Ce que Panofsky révèle, et ce que Meaning in the Visual Arts pousse plus loin en 1955, c’est que l’iconologie n’est pas seulement une méthode de lecture. C’est une théorie de l’auto-tromperie culturelle. Chaque image est une négociation entre ce qu’une société croit d’elle-même et ce qu’elle ne peut admettre. La Renaissance a sélectionné de l’Antiquité comme un politicien sélectionne de l’histoire : stratégiquement, tendancieusement, avec un œil sur le besoin présent. La Vénus qu’ils ont ressuscitée n’était pas grecque. Elle était l’anxiété florentine sous un masque grec. L’Hercule qu’ils célébraient n’était pas romain. Il était la projection d’une classe marchande qui avait besoin d’une justification mythologique pour le pouvoir et la violence.

Dans cette bibliothèque en ruines, en retournant les fragments, l’homme finit par cesser de faire semblant de découvrir et commence à admettre : il écrit. La civilisation qu’il prétend retrouver est celle qu’il invente, phrase par phrase, coup de pinceau par coup de pinceau. Ce qui ressemble à un acte de mémoire est un acte de désir. Le passé n’est pas trouvé. Il est forgé, avec une habileté extraordinaire et une sincérité complète, qui est peut-être le type de faux le plus convaincant qui soit.

La perspective comme mensonge culturel

Il y a un moment, debout devant une pièce peinte — un sol carrelé s’éloignant vers un point de fuite, des colonnes encadrant une arche lointaine, des figures diminuant selon un rapport mathématique précis — où tout cela cesse soudain de ressembler à la réalité et commence à ressembler à un argument. Pas une description du monde mais une affirmation à son sujet. Une affirmation si profondément absorbée dans la culture visuelle occidentale que pendant des siècles personne n’a pensé à demander qui l’a faite, quand, ou pourquoi.

Panofsky demandait. En 1927, dans un essai dense et philosophiquement féroce, il proposa quelque chose qui aurait dû provoquer un scandale et qui fut au contraire largement rangé comme une curiosité d’histoire de l’art : la perspective linéaire, la technique codifiée à Florence au XVe siècle par Brunelleschi et théorisée par Alberti, n’est pas une découverte. C’est une convention. Elle ne révèle pas comment l’espace est réellement. Elle révèle comment une culture particulière, à un moment historique donné, a décidé d’organiser sa relation au monde visible.

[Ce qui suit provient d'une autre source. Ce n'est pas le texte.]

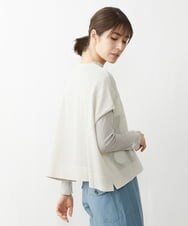 NGFGT30270 GIANNI LO GIUDICE(ジャンニ ロ ジュディチェ) [洗える・日本製]ドットニット ベージュ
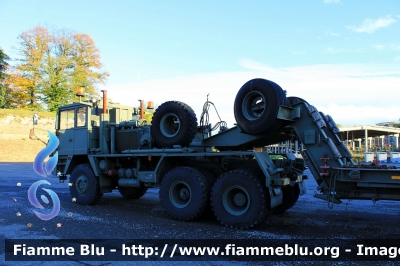 Fiat Iveco 320 PTM 45
Esercito Italiano

Fotografato presso il Polo di Mantenimento Pesante Nord di Piacenza in occasione del 04 Novembre 2021
Parole chiave: Fiat Iveco_320_PTM_45 festa_forze_armate_2021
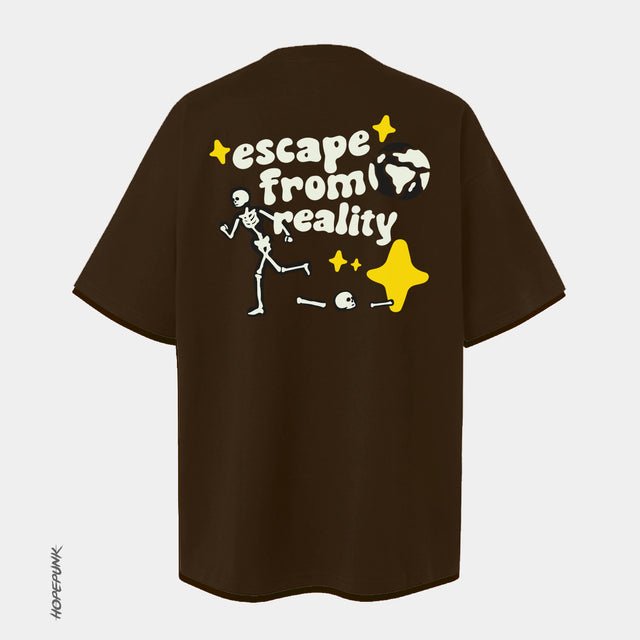 Escape From Reality L - Brown Sale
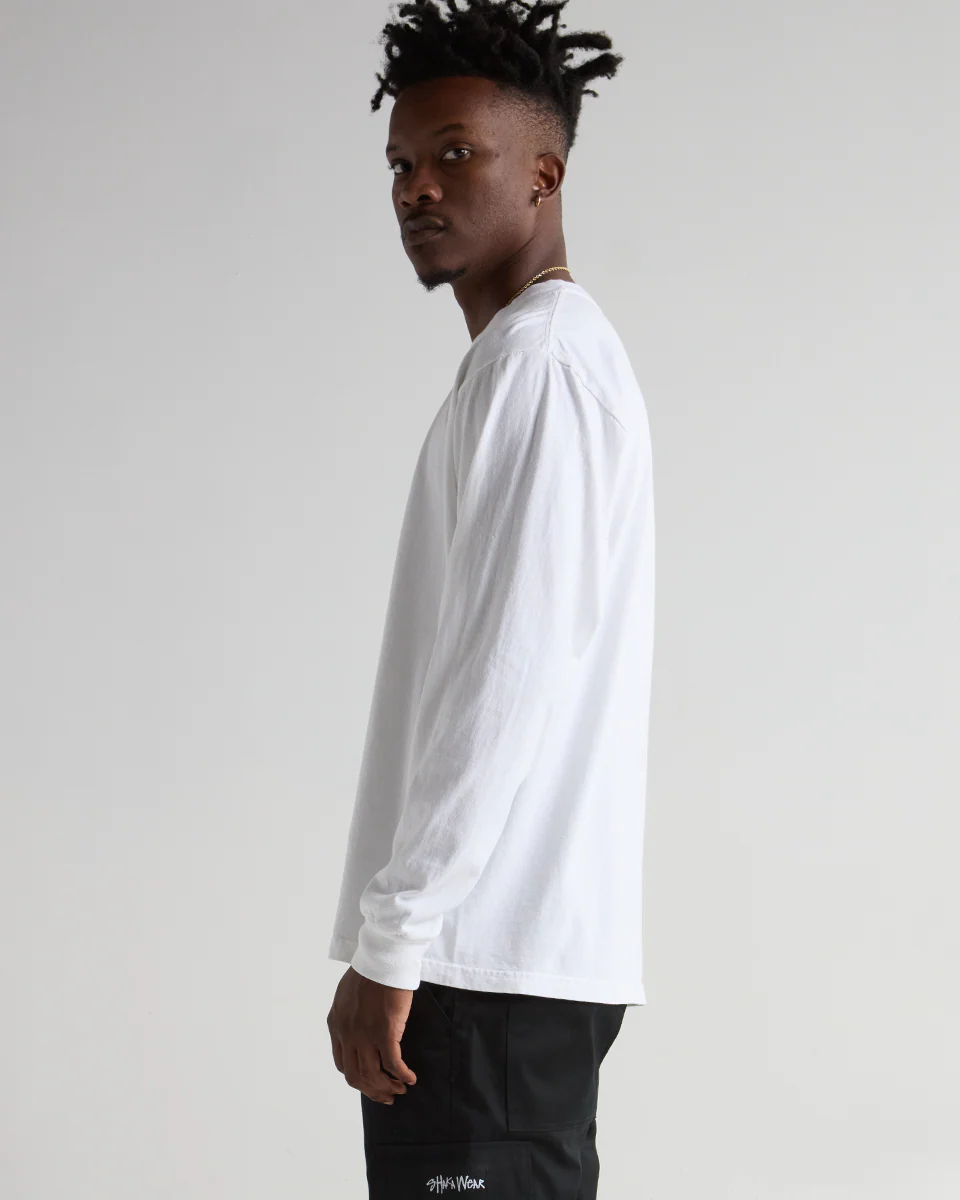 7.5oz Max Heavyweight Garment Dye Long Sleeve - Image 3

L’argument est profond car la perspective ressemble à la vérité. C’est précisément le problème. Lorsque vous regardez une peinture de la Renaissance et que l’espace recule correctement, lorsque les carreaux diminuent, lorsque les figures obéissent à la géométrie de la distance, quelque chose en vous dit : oui, c’est ainsi que c’est. Mais Panofsky, s’appuyant sur le philosophe néo-kantien Ernst Cassirer et son concept de formes symboliques — développé sur trois volumes entre 1923 et 1929 — soutenait que ce sentiment de reconnaissance n’est pas un contact avec la réalité. C’est l’intériorisation réussie d’un code. La perspective est une forme symbolique au sens précis de Cassirer : un mode par lequel une culture constitue son expérience du monde, et ne se contente pas de le représenter. Changez la forme et vous changez le monde qui apparaît en elle.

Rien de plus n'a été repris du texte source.